◆ DATA BLOCK ◆
──────────────────────────────
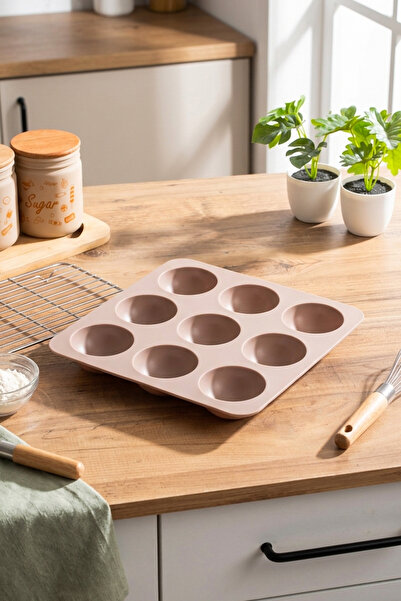 Porsima 30017-1 Silikon 9lu Muffin Kalıbı Köstebek Kek Kalıbı Krem 24,5cm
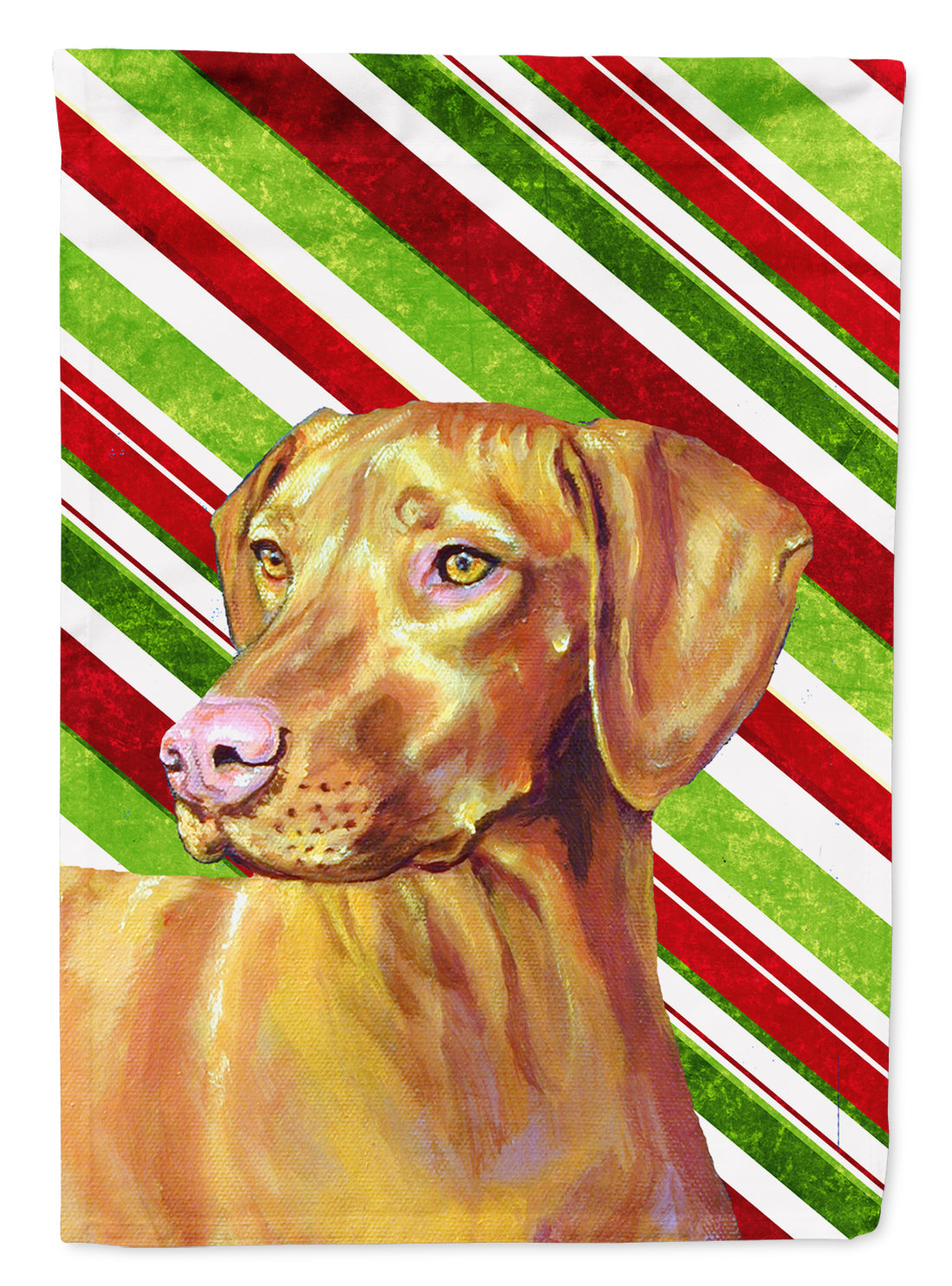 Vizsla Candy Cane Holiday Christmas  Flag Garden Size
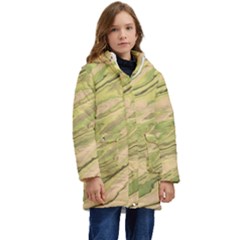 Green Pattern Texture Marble Kid s Hooded Longline Puffer Jacket by Wegoenart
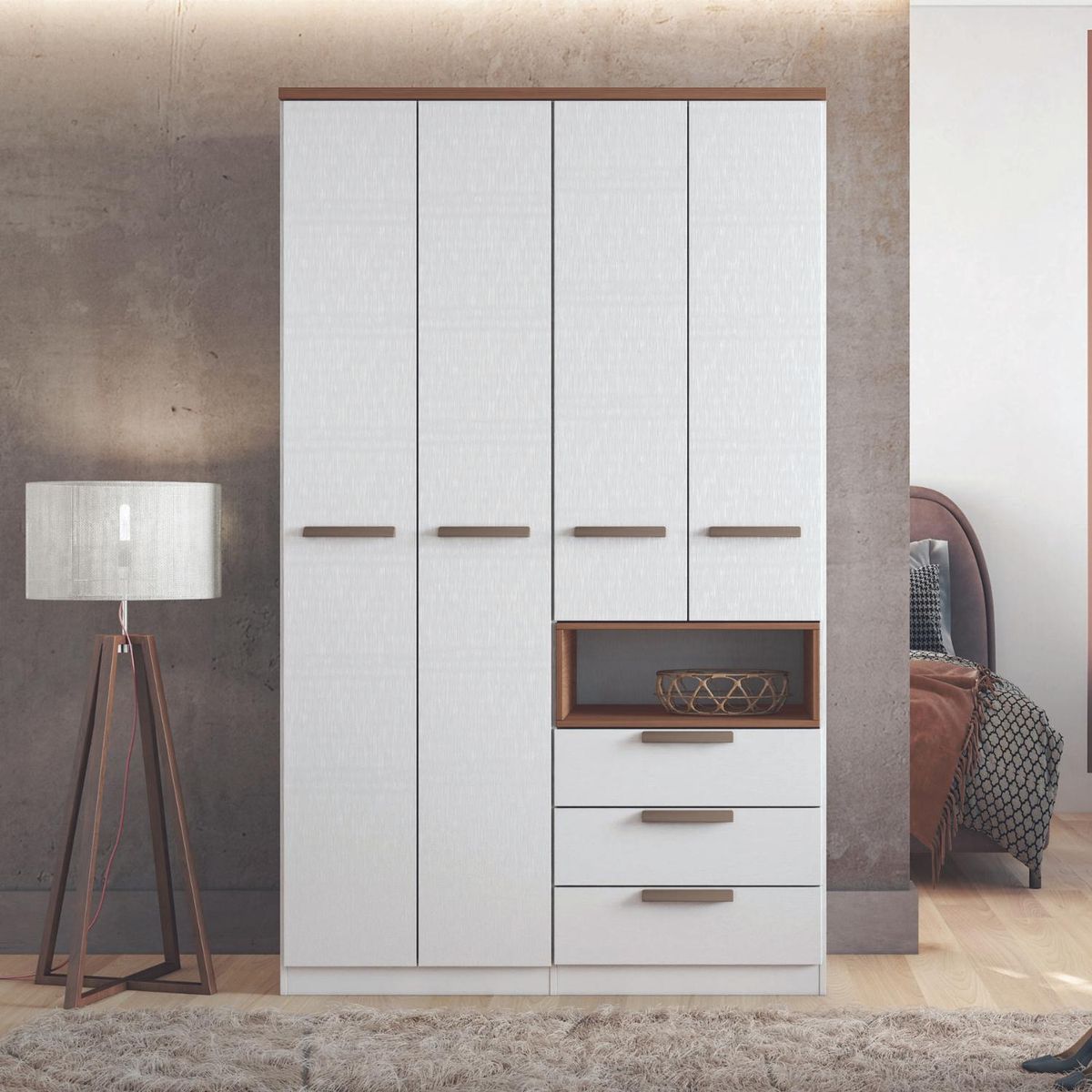 ONESSTA - Clóset 4 Puerta(s) 3 Cajón(es) 4 Repisa(s) 120.5x200x46.3 cm Blanco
──────────────────────────────
◆ WHAT YOU HAVE TO DO ◆
The lines wanted run from the one with "Vizsla Candy Cane" through the final line of the data; repeat them word for word and skip every picture.

◆ RESPONSE FOR THIS EXERCISE ◆
 Vizsla Candy Cane Holiday Christmas  Flag Garden Size
 Green Pattern Texture Marble Kid s Hooded Longline Puffer Jacket by Wegoenart
 ONESSTA - Clóset 4 Puerta(s) 3 Cajón(es) 4 Repisa(s) 120.5x200x46.3 cm Blanco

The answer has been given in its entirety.